Ever since I ran my first Crim 10-mile race in 2015, I’ve tried to make a point of reserving a spot for it on my schedule each year. The race is a big one around this area and it’s always guaranteed that I will see people I know. This year was the 45th year for the Crim Festival of Races and on Saturday, August 27th I returned to Flint to run the race for my fourth time. It feels like that number should be higher because it’s become such a routine race for me to do around the end of August. Somewhere around 6,000 people participated across all of the events this year, with the 10-mile race drawing almost 4,000 people between the run and walk.
Since Flint is a 45-minute drive for me I’ve always waited until the morning of the race to get my packet. I usually park in a lot that is half a mile from the expo area. By the time I walk down there, back to the car, then back to the start, I’ve already done a mile and a half prior to the race.

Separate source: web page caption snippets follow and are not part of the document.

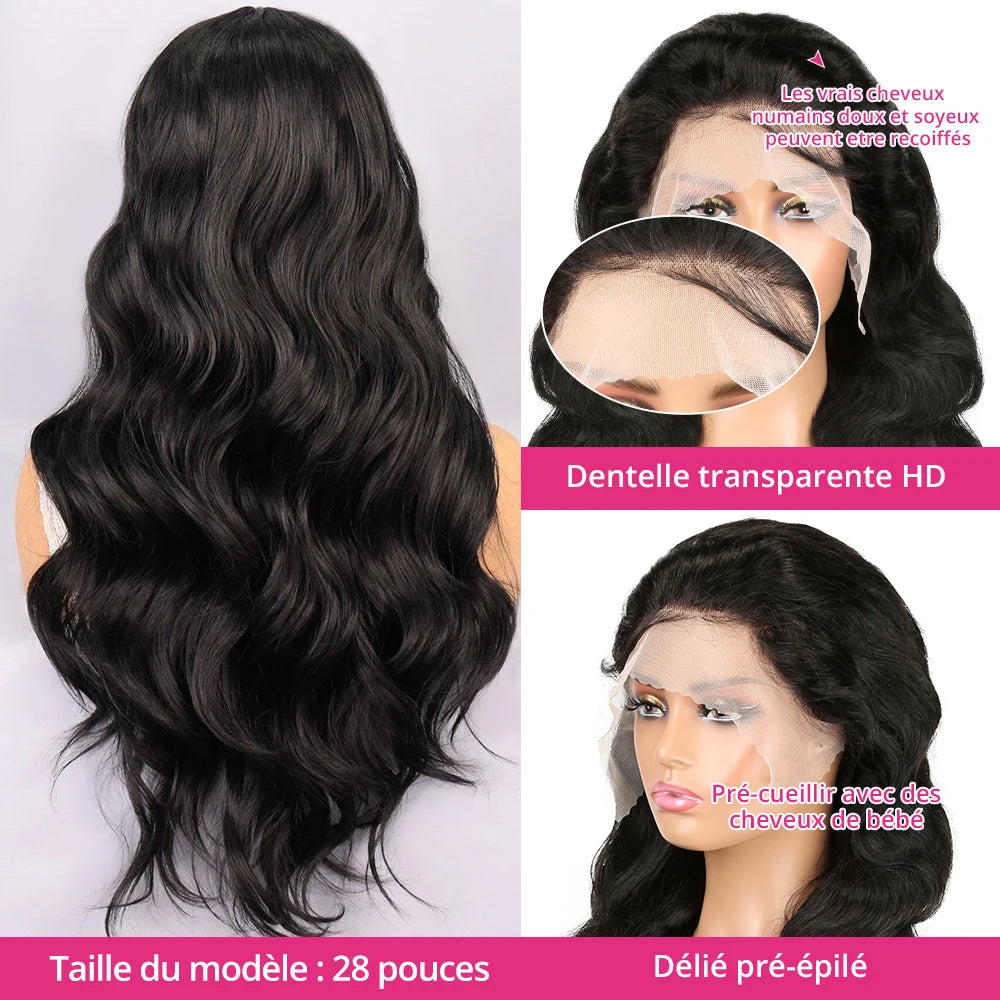 13x4 Body Wave Lace Front Human Hair Wig Natural Brazilian 360 Lace Frontal 180% Density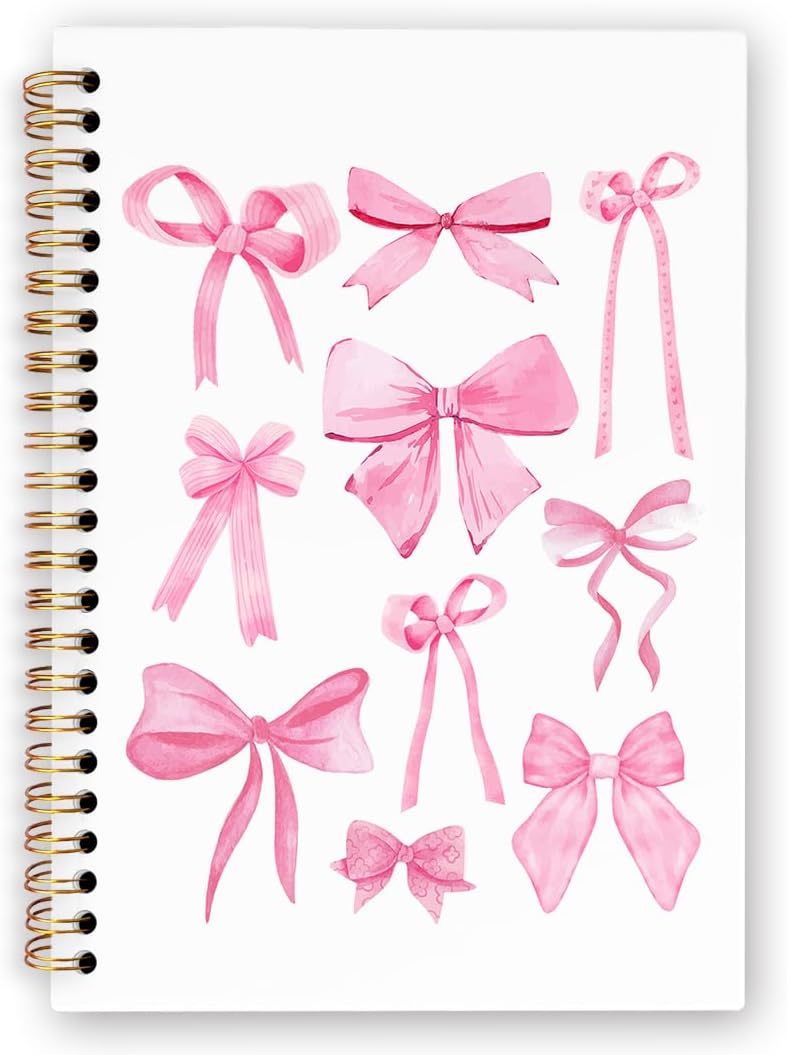 dvhdajed Coquette Pink Bow Spiral Notebook, Preppy Girly Journaling Notebooks, Preppy Bow Spiral Journal for Girls Women Teen Girls, Pink Girly Office School Supplies Gifts, 5.5x8.3 In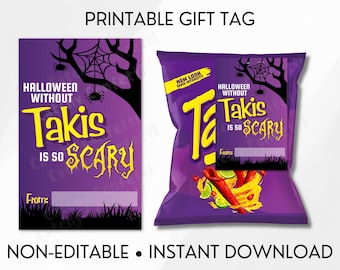 Takis Halloween - Halloween sin Takis da mucho miedo - No editable - Descarga instantánea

No big deal since I like to warm up anyway but this time I opted to go on Friday afternoon just to save myself some time in the morning.
I ended up kind of pushing my luck on race day by arriving only half an hour before the start. I usually like to give myself more of a buffer because some of the roads close by 6:30, but luckily it all worked out. I jogged from the parking lot to the race area for a bathroom stop and still had about 10 minutes to spare. People who have done the 10-mile race 30+ times started first. They get extra recognition and a group photo, and it’s always inspiring to see them on the course.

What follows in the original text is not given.